Hedge Fund King Steve Cohen: Optimizing Time for Making $$$

in #investing6 years ago

steve-cohen-trading-floor-larger.jpg

There was almost no time in a twenty-four-hour day Cohen didn’t use for a moneymaking purpose, and he attributed much of SAC’s success to this work ethic.

Cohen got up early and studied the market at home before being driven to the office by 8 A.M. by a bodyguard in a gray Maybach.

He arrived to find a bowl of hot oatmeal wrapped in cellophane waiting on his desk.

His station at the center of the trading floor resembled a cockpit, with twelve monitors mounted in front of him.

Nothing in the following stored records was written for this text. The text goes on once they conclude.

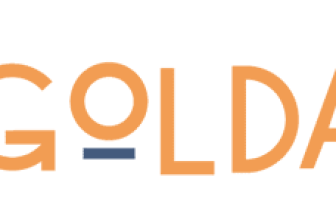 Golda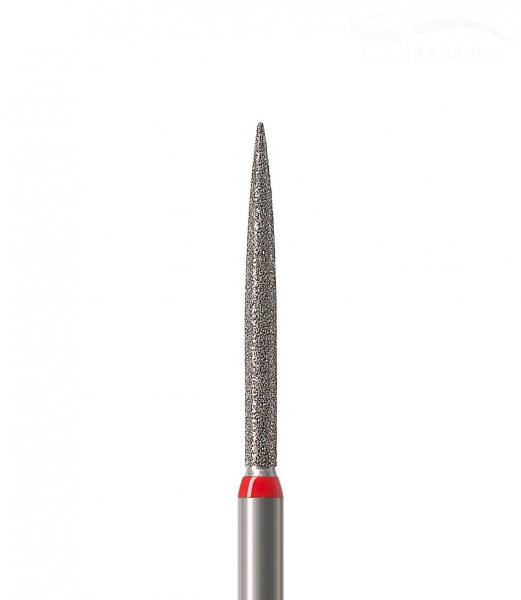 864-012 F-3-пламя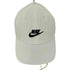 ナイキ NIKE FUTURA WASHED CAP メンズ ONE SIZE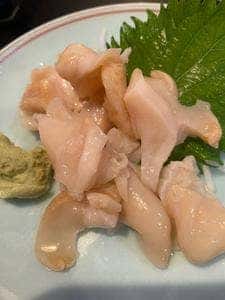 ひら井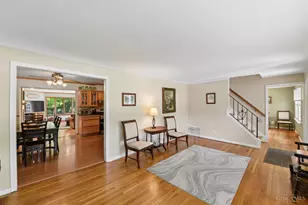5514 Cove Ct, Cincinnati, OH 45238 - Photo 9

Because Cohen’s time was so valuable, most activities—from haircuts to meetings—were scheduled so as to not distract him from his screens between 9:30 A.M. and 4 P.M.

“Everything happened at his desk,” said one trader who sat at his elbow for years. “Everything.”

4b86fd817f8b9a9750f70300-750.jpg

[....]

Cohen was so focused on making sure that he had access to every piece of available information that he hired research traders to filter through his messages and make sure that he saw the important ones.

Any time he traveled to Las Vegas to visit his parents, or to Brown University, where Cohen was on the board of trustees, or on his yearly summer vacation with Alex, an advance team of consultants made the journey ahead of him.

He rented an extra room wherever he was staying and used it as a staging area where his staff re-created his trading station in such detail that he could hardly tell he was away from his office.

[....]

Every Sunday around noon, Cohen sat down at his desk in his home office with a yellow notepad in hand.

His portfolio managers called in one by one to pitch their best trade ideas for the upcoming week.

It was called the Sunday Ideas Meeting, and it was a source of constant anxiety among SAC’s employees.

Each conversation typically lasted five minutes, with Cohen’s research trader also joining them on the line to take notes.

Portfolio managers were expected to have a moneymaking idea to pitch him and an accompanying “conviction rating”—a way of conveying how sure they were that the investment would pay off.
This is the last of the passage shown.